▶

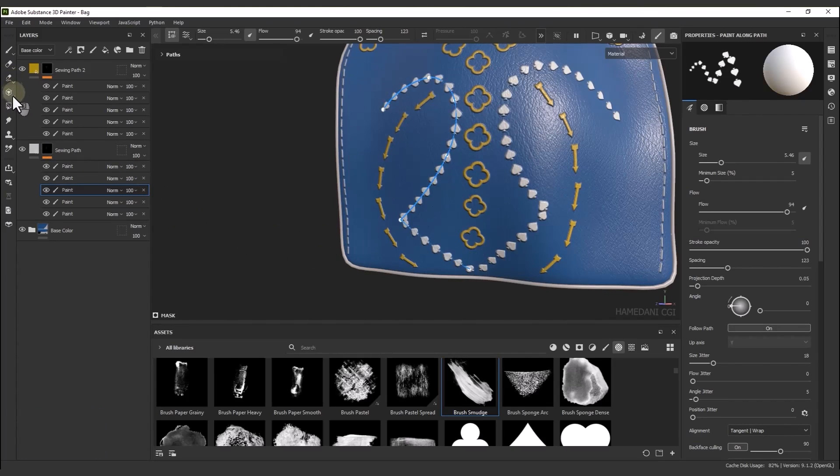And finally, the Smudge tool, which causes the painting to become blurred by a pass.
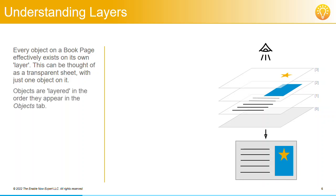Initially, the layers are arranged in the order the objects were added to the book page, with the objects added first at the bottom and the objects added last at the top.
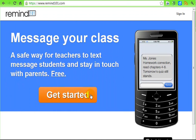Remind 101 is a free messaging service between you and your students or the parents of your students. It is a safe way for you to interact in the fact that you don't have their cell phone number and they don't have yours. All communication is recorded, so it's nice to keep yourself covered that way.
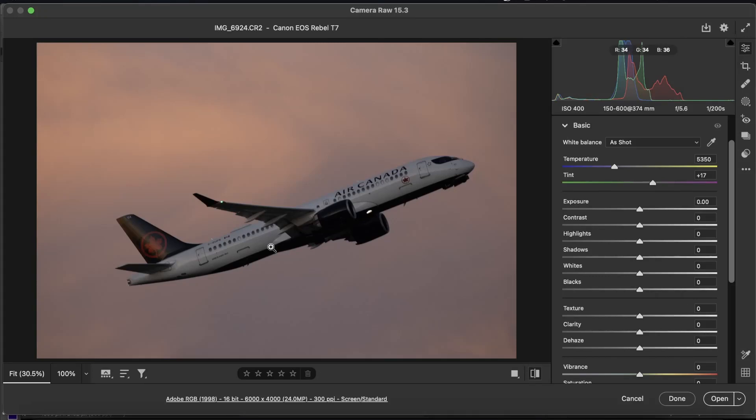Hello everyone, I'm Hayden from CGY Planespotting and this is another one of my editing tutorials. Welcome back to the channel.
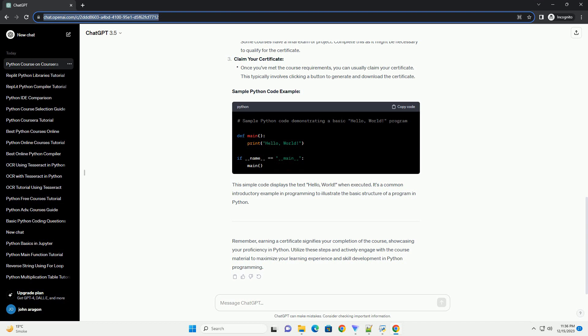Remember, earning a certificate signifies your completion of the course, showcasing your proficiency in Python. Utilize these steps and actively engage with the course material to maximize your learning experience and skill development in Python programming.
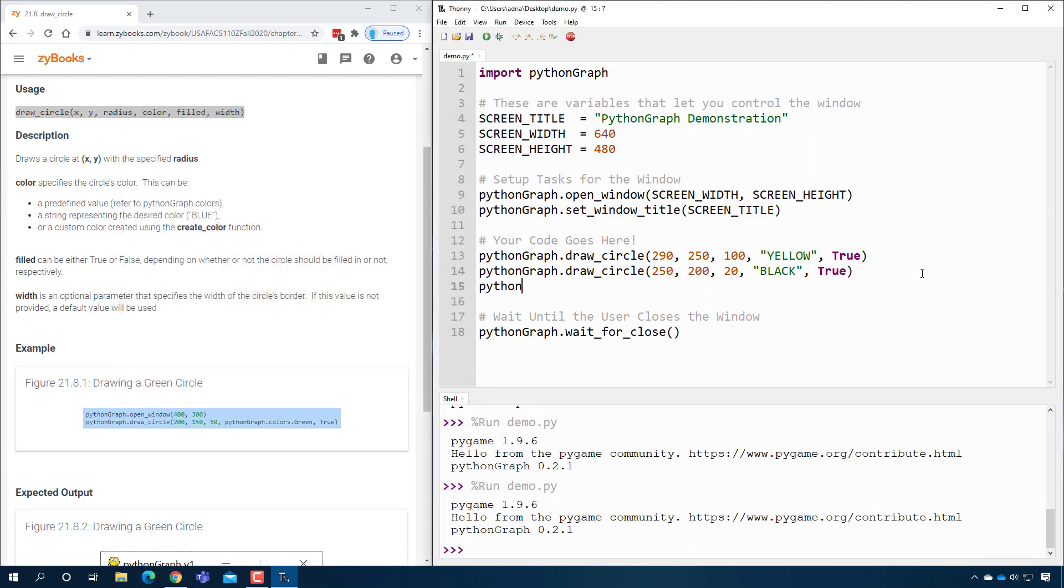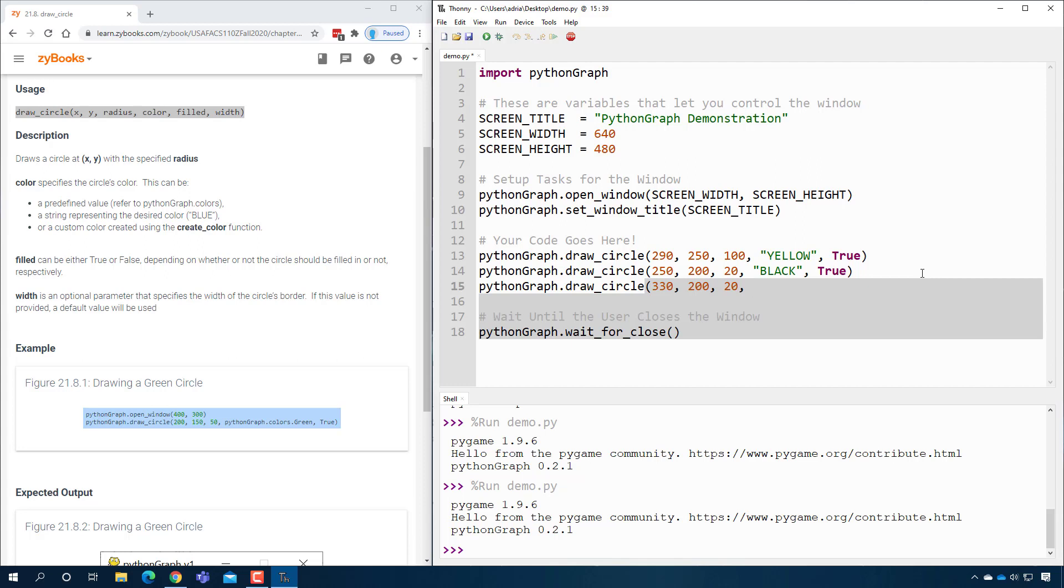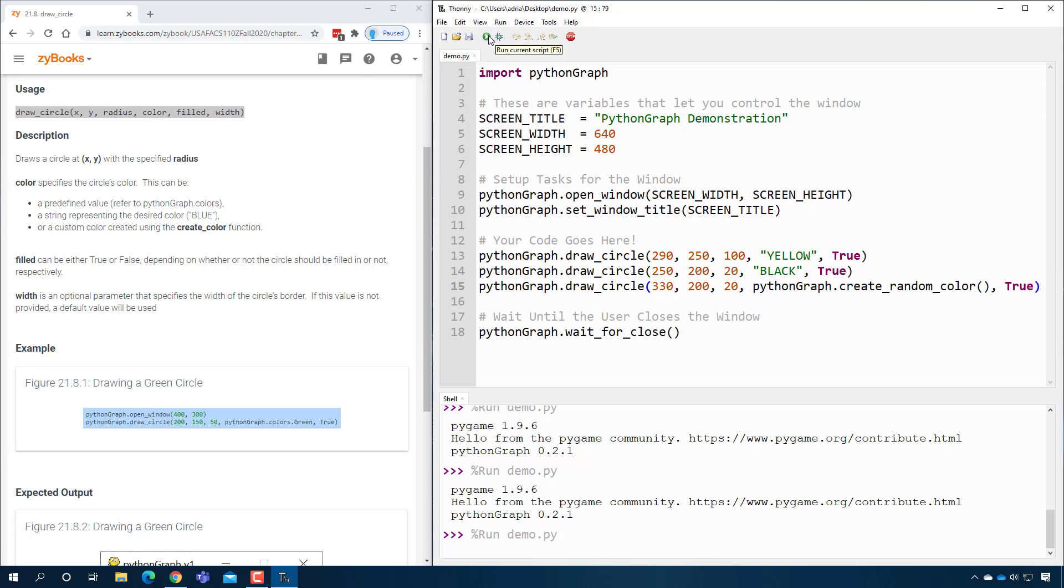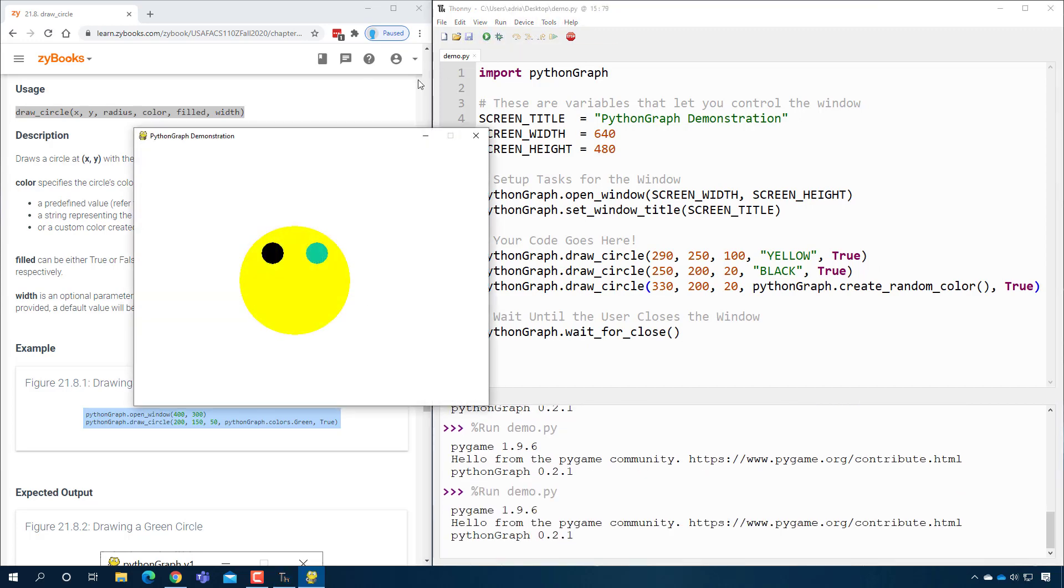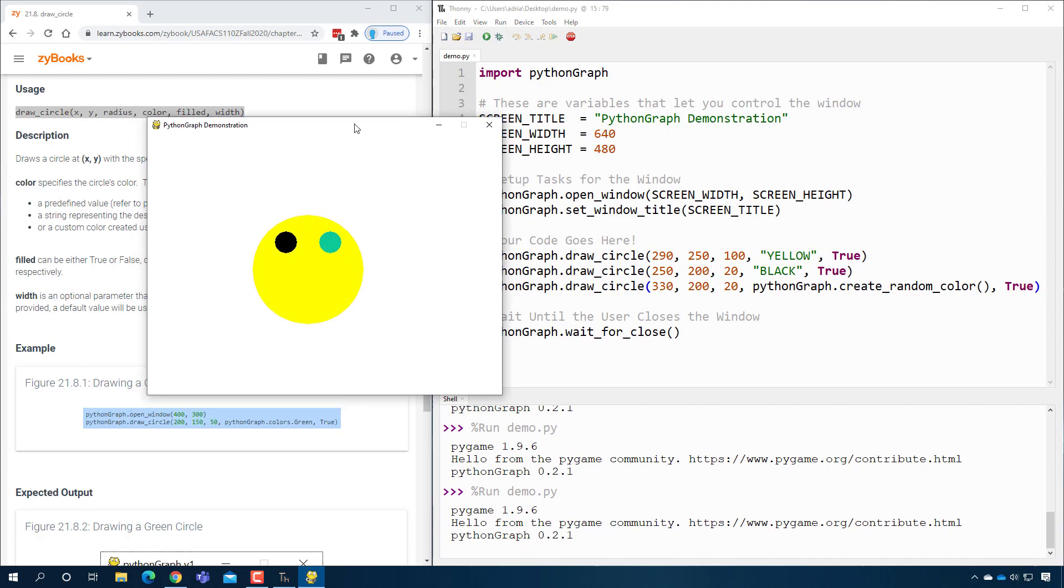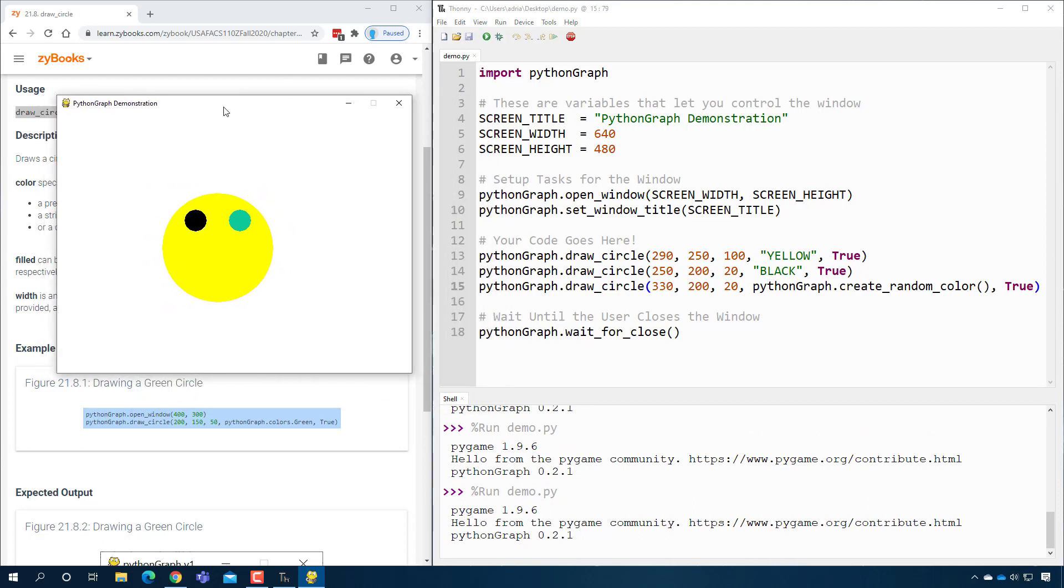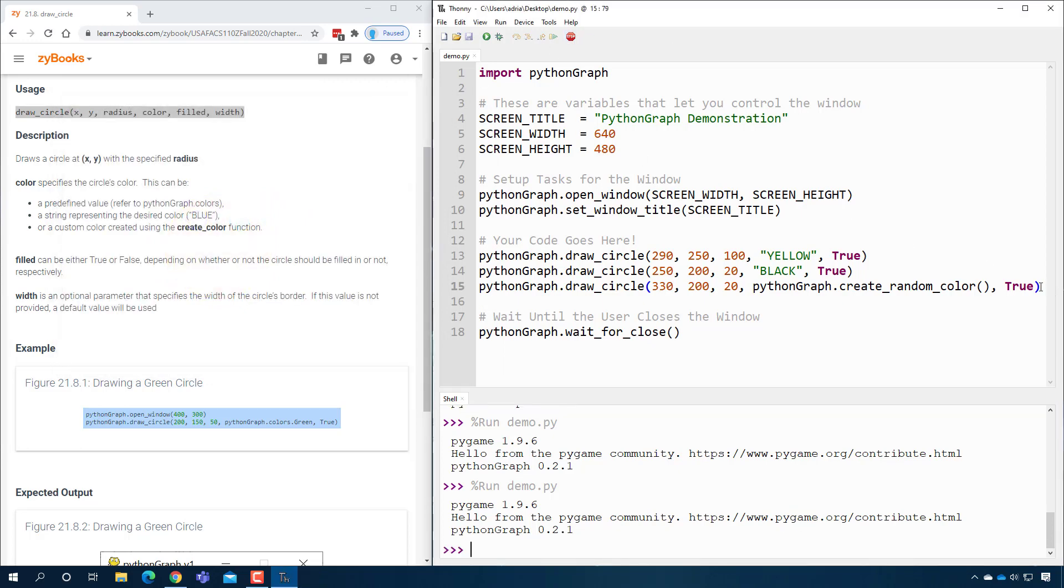We'll do the other eye. And then this one is at 330, 200. Again, the radius is 20. Instead of specifying the color this way, I'm going to do, there's a color function called pythonGraph.create_random_color. And then I'll go ahead and keep saying true. So when I press play here, instead of just drawing a standard color, it will just generate a random color for me on the fly. So now he kind of looks like a bond villain, which is cool.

◀

- [Your objective] Your task is to retype the lines running from the one that contains "Remember, earning a" through the end of the records, and nothing else. Pictures are not part of the copy.

- [Result for this exercise]
Remember, earning a certificate signifies your completion of the course, showcasing your proficiency in Python. Utilize these steps and actively engage with the course material to maximize your learning experience and skill development in Python programming.
We'll do the other eye. And then this one is at 330, 200. Again, the radius is 20. Instead of specifying the color this way, I'm going to do, there's a color function called pythonGraph.create_random_color. And then I'll go ahead and keep saying true. So when I press play here, instead of just drawing a standard color, it will just generate a random color for me on the fly. So now he kind of looks like a bond villain, which is cool.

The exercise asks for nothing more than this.